Al Nazareno nessuno ha intenzione di riproporre un listone in stile Unione, valutando piuttosto di caso in caso le possibili alleanze ed eventuali candidature “ospiti”, da affiancare a quelle più propriamente di partito e a quel coinvolgimento di forze civiche, che rappresenta uno dei punti di forza della linea bersaniana. Per il momento, nessuna decisione può essere considerata definitiva, se non quelle dell’asse con Sel, del divorzio con Di Pietro e, in prospettiva, dell’accordo con i moderati raccolti attorno all’Udc. Una prima indicazione arriva però dal giro di incontri che il segretario del Pd ha promosso per confrontarsi sulla carta d’intenti: dopo Vendola, oggi sarà la volta del leader socialista Riccardo Nencini. Con il Psi il rapporto è molto buono da tempo e un’intesa sembra essere a portata di mano. Così come sembrano esserci poche alternative all’ingresso di candidati della rosa nelle liste dem, per evitare la tagliola dello sbarramento.

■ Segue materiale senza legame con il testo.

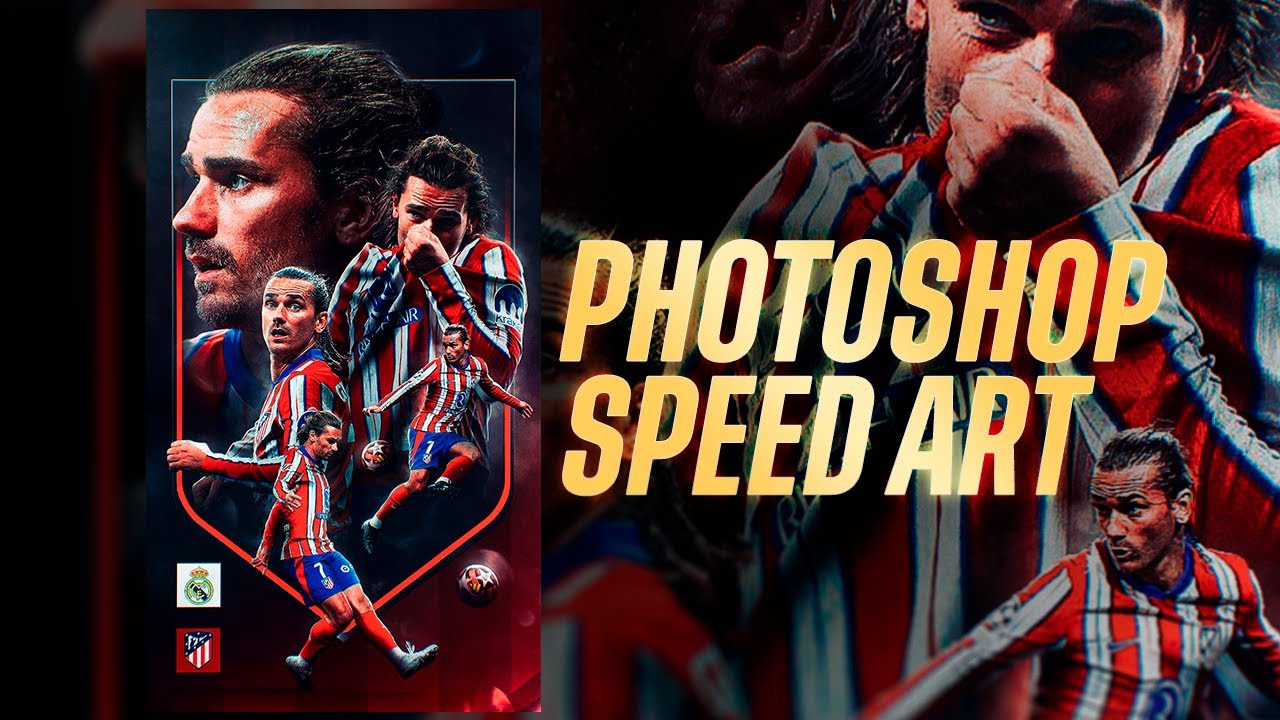 Matchday Design Griezmann Atlético de Madrid - Photoshop Tutorial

Una prospettiva ritenuta d’altronde inevitabile anche in casa socialista. In una condizione simile si trova l’Api, che può contare in aggiunta sulla candidatura alle primarie di Bruno Tabacci. Sul suo nome c’è un diffuso ottimismo tra i suoi sostenitori, che sperano in un buon risultato per non doversi limitare a contrattare qualche posto in lista, ma bensì portare a pieno titolo il loro contributo alla coalizione per «controbilanciare il peso della sinistra», pronti per questo anche a sciogliere il loro partito. Per una decisione definitiva, l’appuntamento è rinviato a metà settembre, quando si terrà la kermesse dell’Api a Maratea.

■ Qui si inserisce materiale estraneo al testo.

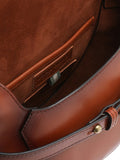 SADDLE 05 - Brown Leather Shoulder Bag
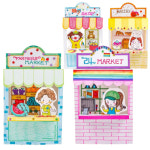 5set 우리동네 가게 상점 종이 입체 팝업 만들기 용품 집콕놀이 : 조이코스트1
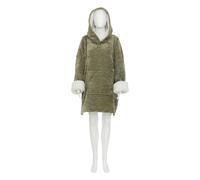 Atmosphera - Plaid Sweatshirt Capuche Flanelle caleen Vert Taille Unique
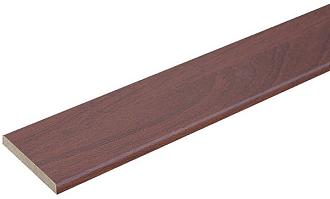 Наличник ламинированный плоский цвет итальянский орех темный 2,150м 70*5,5мм /10/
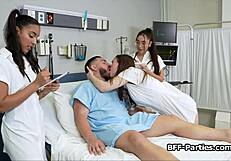 Sexy Medics Running Extra Tests on Hard Cock in Hospital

Ammesso che allora il quadro politico (a partire dalla riforma elettorale) sia già più chiaro. C’è, poi, chi non ha ancora ricevuto l’invito del Nazareno: i Verdi e i Radicali. Questi ultimi, soprattutto, premono su Bersani per riaprire un canale di dialogo, che al momento appare interrotto. «Noi, con le nostre tradizionali lotte su giustizia, libertà civili, questione democratica, abbiamo una credibilità di fronte all’elettorato – rivendica il segretario Mario Staderini – perché allora il Pd nel ricercare il confronto con i moderati esclude quello con i Radicali?».

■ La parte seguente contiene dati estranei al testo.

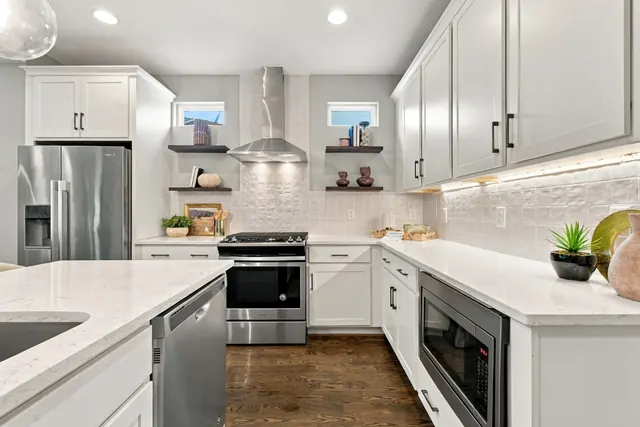 Kitchen with stainless steel appliances at 2216 Sadler Ave, B, Nashville, TN 37210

A largo Argentina sono convinti che il problema non sia un veto nei loro confronti da parte di Casini. In effetti, è tra i dem stessi – soprattutto di sponda cattolico-democratica – che cresce il pressing nei confronti di Bersani per non ripetere l’esperienza del 2008. Se così sarà, Staderini non esclude che i Radicali potranno decidere di tirarsi fuori dalla sfida di primavera: «Già in passato abbiamo avuto molta fantasia per farci sentire comunque. Ma il tema è un altro: noi crediamo di poter dare il nostro contributo al prossimo governo. Il Pd vorrà dialogare con noi?».